Fala-se cada vez mais em Portugal de uma “Universidade de investigação” como forma de pensar o futuro pós-pandemia. É um termo importado dos Estados Unidos, onde o sistema se divide entre uma base sobretudo orientada para o ensino e formação, e um topo formado por universidades em que o ensino se alimenta da investigação. Em ambos os casos, os alunos são o centro e razão de ser da instituição. É por isso que, em sítios como Harvard, Chicago ou Yale, quem ensina os alunos de primeiro ano são os professores mais experientes. Ensinar a alunos de primeiro ano é o melhor teste para quem faz ciência: o melhor teste a uma ideia complexa é sermos capazes de a explicar de forma clara e percetível. É esta relação umbilical entre ensino e investigação que está por detrás da expressão “universidade de investigação”. É isto que está por detrás do novo modelo de ensino à distância. Um modelo com aulas pré-gravadas ou ao vivo. Aulas ao vivo em que alunos e professores interagem de forma muito mais intensa do que o modelo tradicional. Trata-se, convém não esquecer, de uma relação muito mais exigente para ambas as partes. Dos alunos espera-se que tenham aprendido o suficiente para poderem participar: só tem dúvidas fundadas quem leu a matéria. Dos professores exige-se um domínio da matéria que não se resuma à mera reprodução mecânica das ideias de terceiros: responder a perguntas difíceis e inteligentes é o melhor teste que um professor pode ter às suas capacidades e limites.

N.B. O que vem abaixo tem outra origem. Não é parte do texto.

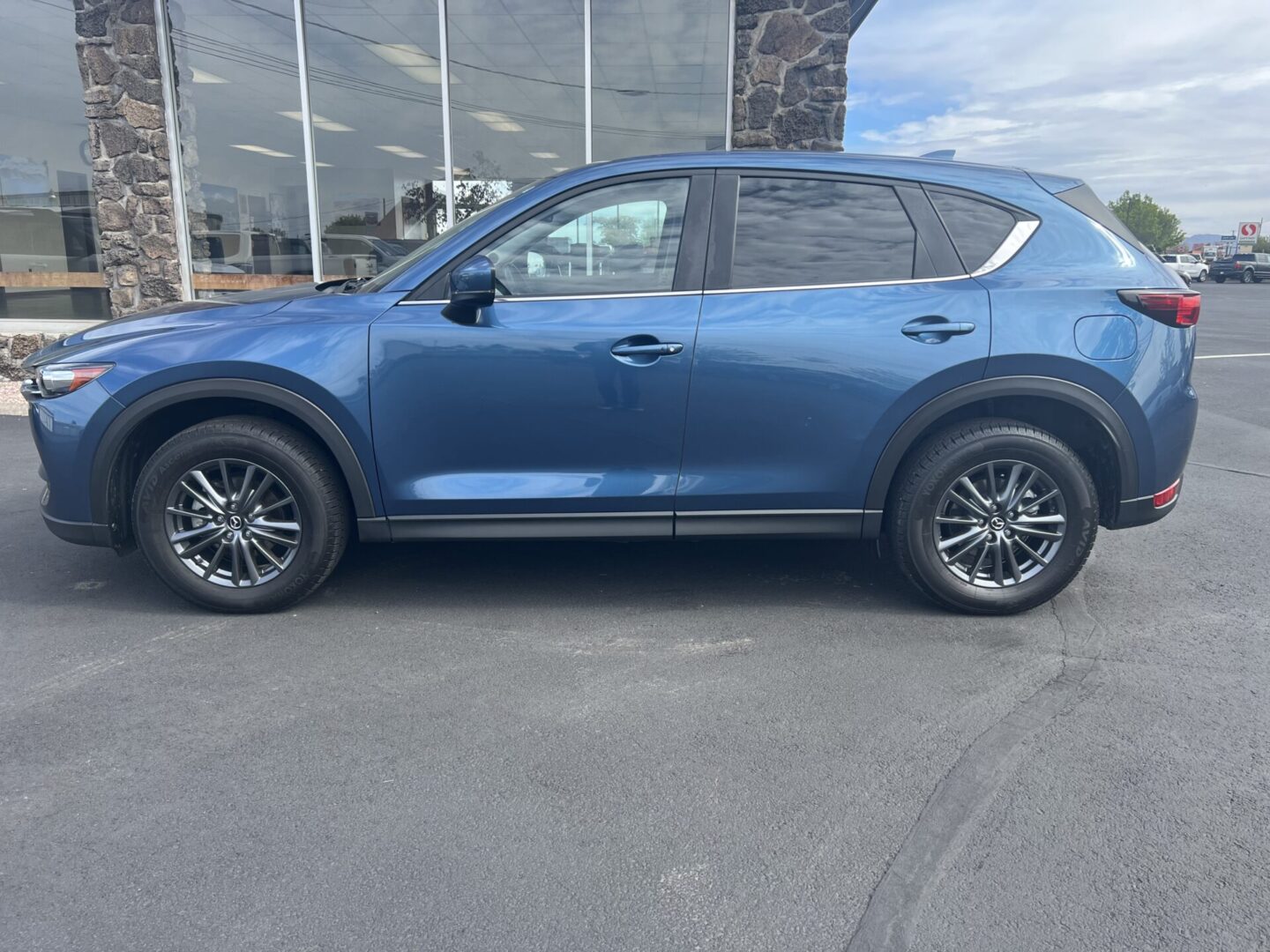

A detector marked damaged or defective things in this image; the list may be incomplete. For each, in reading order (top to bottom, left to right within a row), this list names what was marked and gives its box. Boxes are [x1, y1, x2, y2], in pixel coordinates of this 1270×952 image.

parking lot crack [847, 585, 1108, 945]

O futuro pós-pandemia vai ser longo e doloroso. A recuperação das fraturas económicas e sociais vai demorar anos. A Universidade portuguesa é parte deste processo de recuperação. O desafio é claro: aproveitar a disrupção causada pela pandemia para repensar as nossas universidades. Espelho do país, é provável que esta seja uma oportunidade perdida. Ou, como quase sempre, que seja uma oportunidade perdida por algumas e aproveitada por outras. Na parte dedicada à transição digital, o famoso PRR toca neste desafio. Infelizmente, o que lá se diz pouco mais faz do que listar a compra de equipamento e repetir clichés.

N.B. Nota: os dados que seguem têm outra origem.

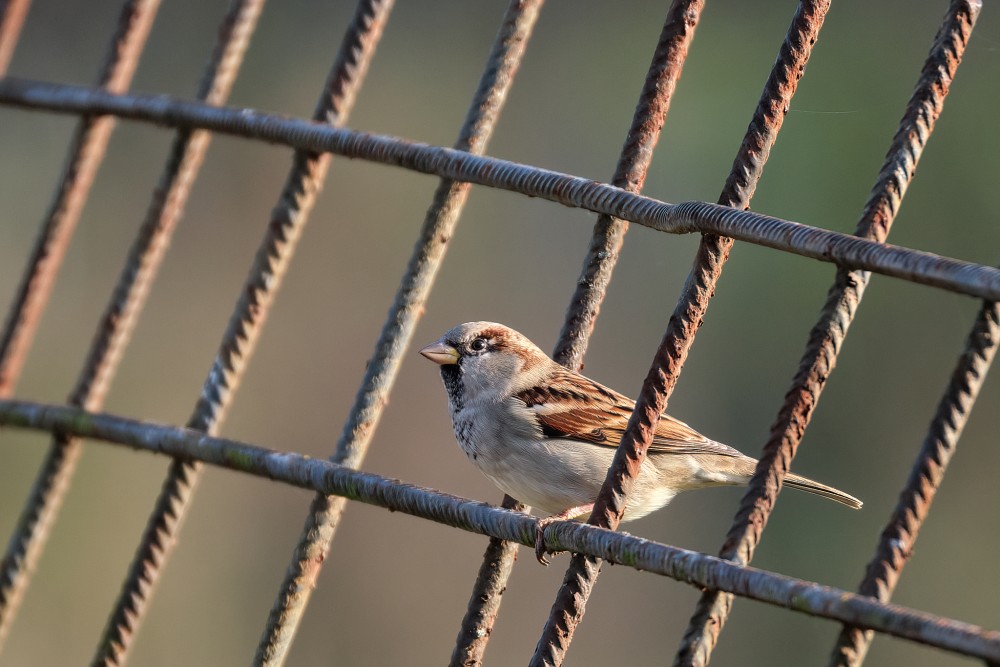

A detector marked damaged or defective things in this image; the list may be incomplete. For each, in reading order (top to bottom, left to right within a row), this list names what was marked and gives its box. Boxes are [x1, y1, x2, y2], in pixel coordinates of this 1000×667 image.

Sejamos claros. Fazer ciência, como esta pandemia tornou óbvio, é absolutamente crucial para a vida em sociedade. Sem os esforços dos cientistas, não teríamos as vacinas que estão a ajudar a combater a pandemia. A transmissão deste conhecimento é a principal missão da Universidade. Os destinatários são os alunos. Uma Universidade é tão boa como os alunos que forma. Porque, tão importante quanto produzir conhecimento, é saber transmiti-lo. Tão importante quanto produzir uma vacina, é ensinar como se faz uma vacina – num anfiteatro cheio de alunos, ou perante um ecrã de computador.

Até hoje, a Universidade portuguesa tem tido dificuldade em estar à altura deste duplo desafio. Durante muito tempo, as razões do nosso atraso eram a ditadura. Com quase meio século de democracia, temos de começar a encontrar outras razões. A pandemia veio tornar isto ainda mais claro. Há uma revolução em curso e, se não quisermos ficar (ainda mais) para trás, há que começar a construir o futuro já hoje.